Extract, Transform, and Load (ETL) is a common business function that is often necessary for integration between different systems. Traditional approaches often involve setting up dedicated FTP servers, then deploying scheduled jobs to parse files and translate them for business use. Serverless architecture makes the job easier because a trigger can fire when the file is uploaded. Azure Functions is small pieces of code that focus on a specific problem and are ideal for tackling tasks like ETL.
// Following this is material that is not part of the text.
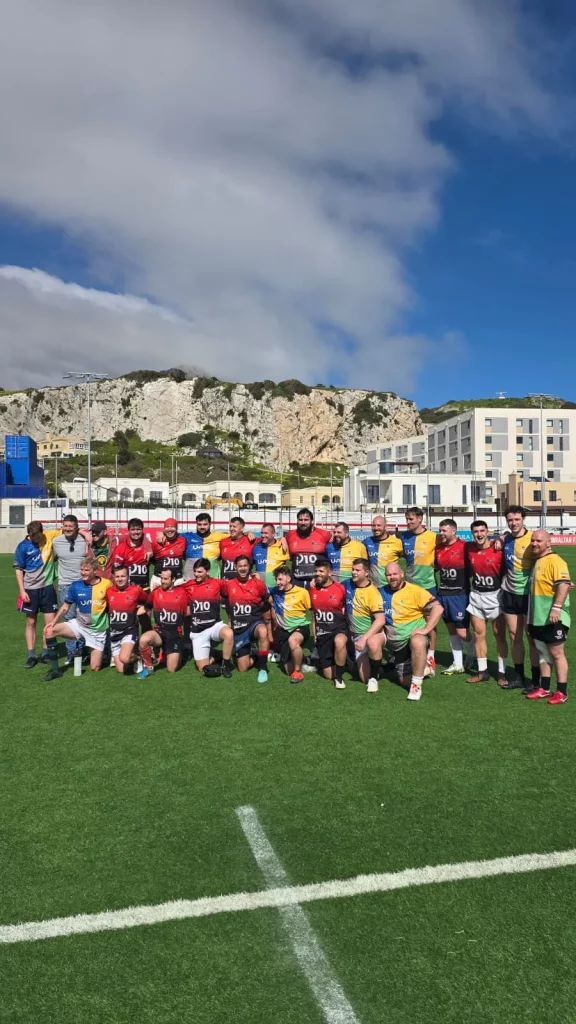 Barbarians Dev supera a Moguer en un partido condicionado por las bajas (25-5) 2 Jugadores de Barbarians Dev y Moguer posan juntos tras el partido de recuperación de la Jornada 4 de la Liga Amateur Rugby en Gibraltar.por 25-5 en una jornada marcada por la deportividad y la colaboración entre ambos clubes.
This tutorial demonstrates how to take a legacy process and migrate it to run 100% in the cloud using the Azure SQL Database-as-a-Service offering combined with Azure Functions. You start with a local development environment, build and test the process end-to-end, then create the cloud-based assets and deploy to Azure.
Background
The following concepts are covered in this lab. Click on the following links to learn more about each functional area that is covered in the lab exercises.
Exercises
- Create an Azure Functions project
- Test the project locally
- Create the SQL database
- Add and test the code to update the database
- Create an Azure SQL Database
- Migrate the database
- Deploy the project to Azure
- Test uploads
1. Create an Azure Functions Project
This exercise introduces you to Azure Functions along with the ability to emulate storage and debug functions locally. The Azure Functions host makes it possible to run a full version of the functions host on your development machine.
Prerequisites
- Visual Studio 2017 15.5 or later
- The Azure Development workload
- Azure Functions and Web Jobs Tools (15 or later) (should be installed automatically with the Azure Development workload)
Steps
-
Open Visual Studio 2017.
-
Select File then New Project and choose the Azure Functions template. Enter FileProcessor for the Name. Click OK.
-
In the Azure Functions dialog, choose the Azure Functions v1 (.NET Framework) host and select the Empty project template. Make sure that Storage Emulator is selected for the Storage Account. (This automatically sets up connection strings for storage emulation.) Click OK and wait for the project to create.
-
Right-click on the project name in the Solution Explorer and choose Add then New Item...
-
Select Azure Function for the item and give it the name FileProcessFn.cs and click Add.
-
In the next dialog, choose the Blob trigger template. You can leave Connection blank or populate it with AzureWebJobsStorage
. Type import
for the Path.
-
After the class is created, ensure it looks like this (if you did not fill out the Connection
in the previous step, you can add it here):
namespace FileProcessor
{
public static class FileProcessFn
{
[FunctionName("FileProcessFn")]
public static void Run([BlobTrigger("import/{name}",
Connection = "AzureWebJobsStorage")]Stream myBlob,
string name, TraceWriter log)
{
log.Info($"C# Blob trigger function Processed blob\n Name:{name}
\n Size: {myBlob.Length} Bytes");
}
}
}
-
In the Solution Explorer, open local.settings.json. It should have development storage set, like this:
{
"IsEncrypted": false,
"Values": {
"AzureWebJobsStorage": "UseDevelopmentStorage=true",
"AzureWebJobsDashboard": "UseDevelopmentStorage=true"
}
}
Learn more about Azure Blob Storage Triggers.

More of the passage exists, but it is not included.